Girls laughing loudly while talking on a loud speaker to a couple of other friends on their mobile, which is playing some music at the same time, takes me back to my notes. David Marsh’s “Inside the minds of the Internet generation” of which I was reminded just now by those girls. “Integrated technology -integrated entertainment….” Same idea coming into the picture: multifunctionality- one thing serving many functions. A phone used to be a phone only, nowadays on top of that is a camera, an mp3 player, a data carrier and can be used to browse the Internet. This is why we need to resort to integrated learning if we want to be competitive with the surrounding ocean of information and media. Not learning English for the sake of learning English but use it as a scaffolding around which content is built or call it CLIL- Content and Language Integrated Learning. Students from generation C are like sponges- their short-term memory is being strengthened by the constant exposure to English which is all around and the principle use as they learn and learn as they use is very much applicable to them. You may as well convince them to be more hard-working in their language classes by telling them that language learning develops various other skills and it will help them to become better at gaming, was an interesting point that David made. Learning a foreign language from an early age, or simply being exposed to it while browsing the Internet or playing a computer game, places the knowledge of the new language in the human brain in place where it overlaps with the knowledge of the mother tongue, compared to learning it later on, which positions it in a completely separate area. So the model of thinking that the new generation has is very different. They think in a mixed way using both languages, so the approach for teaching should be different.

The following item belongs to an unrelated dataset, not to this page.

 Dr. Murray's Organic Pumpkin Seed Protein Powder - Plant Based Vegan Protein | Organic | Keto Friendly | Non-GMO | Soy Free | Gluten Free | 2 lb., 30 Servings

And to top up the innovative methods and techniques in the terms of technology that the poor language teachers should master, I attended a workshop on using text messages in the classroom. The workshop was held by a couple of Macedonian teachers who really thrilled me with the idea that texting can be used in the classroom and even if not with real phones, at least with checked sheets that contain only 160 squares ( the same number of characters that one can use in a text message). Of course there are pros and cons as you would imagine- won’t it lead to bad grammar and spelling but then it helps to serve its main purpose which is to get the message across and it can also be used to make students aware of the proper register according to the receiver of the message- formal, informal…

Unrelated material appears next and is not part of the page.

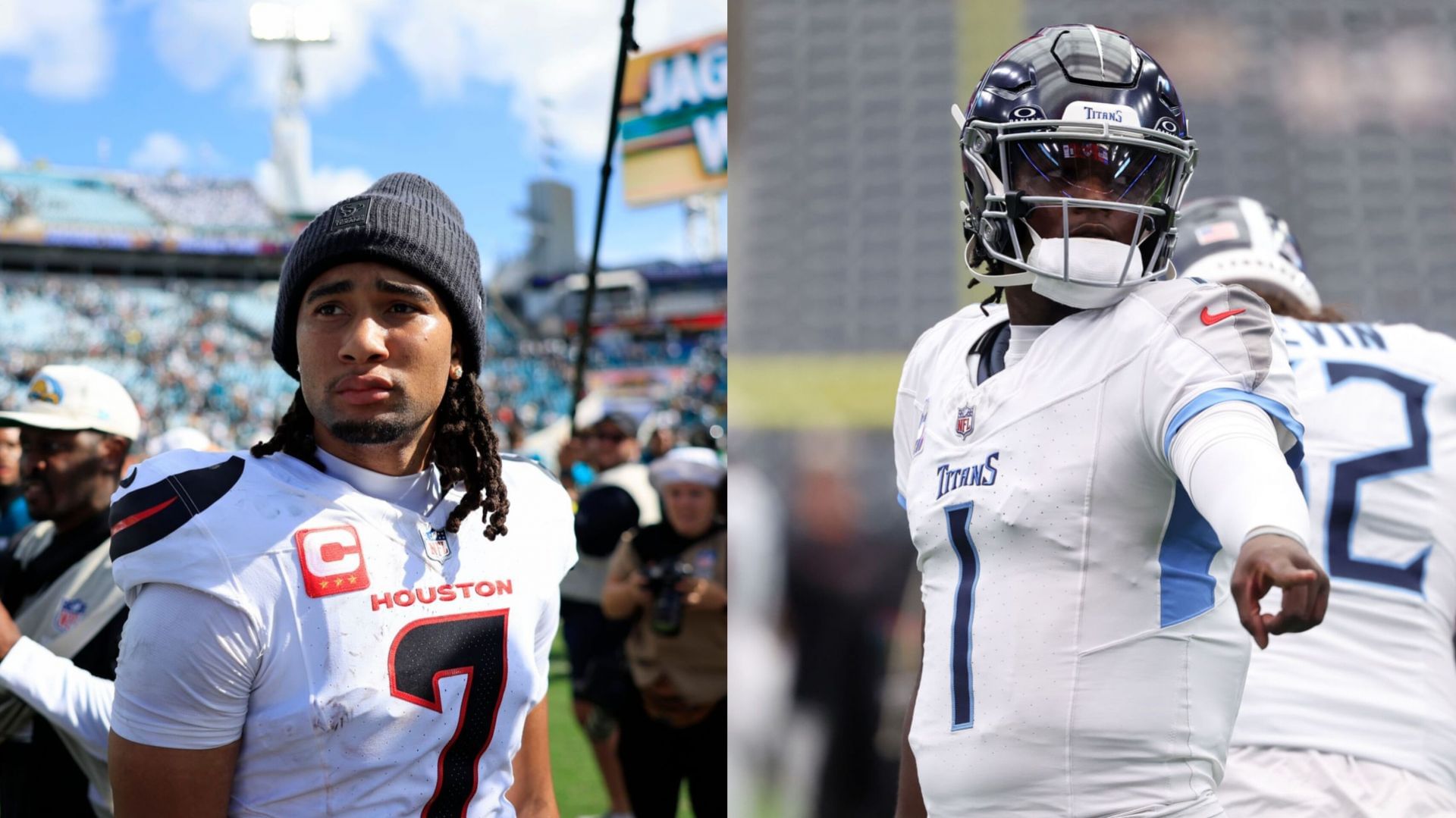 NFL fans troll CJ Stroud over post-game interview with Cam Ward 380 days after viral interaction with Caleb Williams  (Image source - IMAGN)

I am interrupted by the whistle of the train. I had transferred to the train for Sofia and have been travelling already a few hours. It is getting quite late and my writing muse feels a bit exhausted. I close my notepad, turn the light off and I lie in the darkness listening to the monotonous rattling of the train which sends me drowsing. I love it and I hope that they don’t change it soon with some high speed Japanese like trains that will be absolutely sound-proof.